Have you been willing to open up your heart and mind to have an identity-forming encounter with Jesus? Take time to ask the hard questions: Have you been grounding your identity in your role and performance—what your friends think of you, how many zeroes are on your paycheck, your status as a victim of the system, your role in the family? Who does God say you are? Have you been forgetting that it is God who has provided you with a family and friends, that he has given you the aptitude to gain the education you needed for your career, that he has allowed you to have success in certain areas of your life? Without those roles and positions, would you still feel whole? Would you be at peace knowing that you are complete in who God says you are, made in his image and for his glory?
Our new identity in Christ changes everything. We are a new creation in him. He defines us, and our identity is dependent on his grace, not our performance. Our identity doesn’t depend on our to-do-list, our five-year goals, or what the world or even the church defines as success. Saul was very successful according to the standards of his fellow Pharisees, but not as defined by Jesus. Jesus had to make a radical change in Saul’s life to redefine him.
Jesus wants to redefine you too. He wants you to shed your narrow view of who you are and how you and the world around you define success to see yourself through the lens of infinite possibilities as you find your freedom in being exactly who God already calls you: his chosen one, his child, righteous, forgiven, free.

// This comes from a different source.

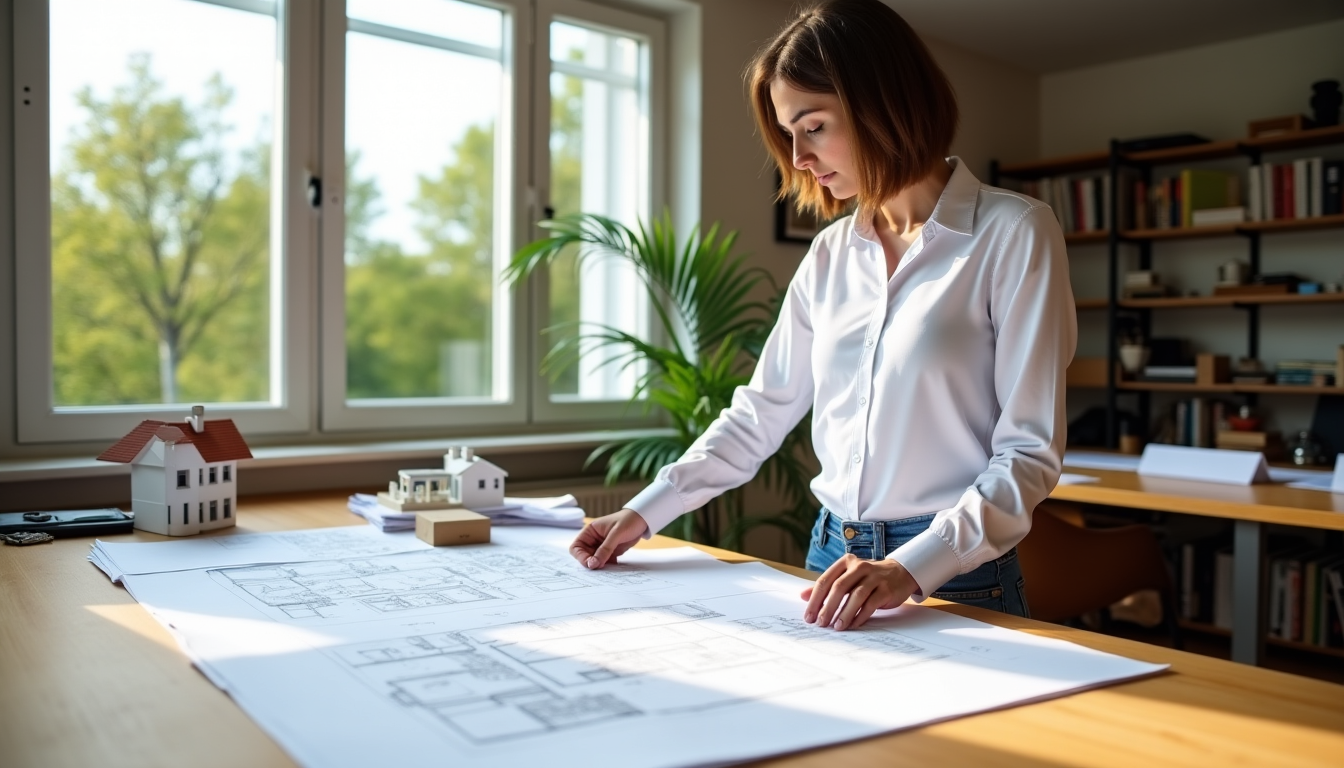 sont les normes obligatoires pour construire sa maison individuelle ? — un projet réussi pour construire sa maison individuelle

Identity in Christ: “His chosen one, his child, righteous, forgiven, free.”
What made the difference for Paul? An encounter with Jesus and his people. Even when you have accepted in your mind that your identity is found in Christ, you will need regular interaction with God and his people to remind you that you are loved as the person you are in Christ, not loved if you are a success in your roles. We are not meant to walk through life alone. Paul tells us of the time he spent with the apostles, learning and being shaped by those who spent time with Jesus. We want to encourage you to bring these hard questions before God and others, questions about where you are letting the world, even the Christian world, define you. Humbly allow others into your life to hear your answers. Find people who are farther along in this journey and ask about their experience in finding and living their true identity in God’s love.
Rediscovering Our Identity
Remember “Sarah” at the beginning of the chapter, the mother whose children left the faith and left her devastated? She has since spent years reevaluating her belief system and where she was putting her trust. Did she trust God with her children, or was she still trying to manipulate her kids to reach the outcome she believed was best? Whom was this truly about—her, her kids, or God? She has had to do a lot of work on her relationship with God through repentance and seeking truth in order to understand who he says she is.
As his child first and foremost, Sarah is able to be a light to her adult kids while keeping her fundamental identity separate from her kids’ decisions. She, as well as much of her Christian world, had defined her by tangible outcomes of her children’s faith, and thus she had felt like a failure as a parent, as a Christian. Now, her identity is firmly grounded in Christ, and that grounding gives her the peace to be firmly planted in Christ, where she can be an example to her kids but leave the outcome to God.
“Now, her identity is firmly grounded in Christ, and that grounding gives her the peace to be firmly planted in Christ.”
This didn’t happen overnight, and it wasn’t without putting in the work to rewire her thinking. Sarah studied God’s Word, specifically focusing on who God says she is. She made habits out of capturing her thoughts and changing the dynamics of the conversations she was having with her grown children. The conversations became about hearing their hearts and asking God to reveal to her what her responses should be, not how her flesh wanted to respond and correct things. She is a work in progress, and God is molding her into a woman who can love those who are causing her pain by their actions. She is perhaps the only person in their lives who is standing for the truth of Jesus.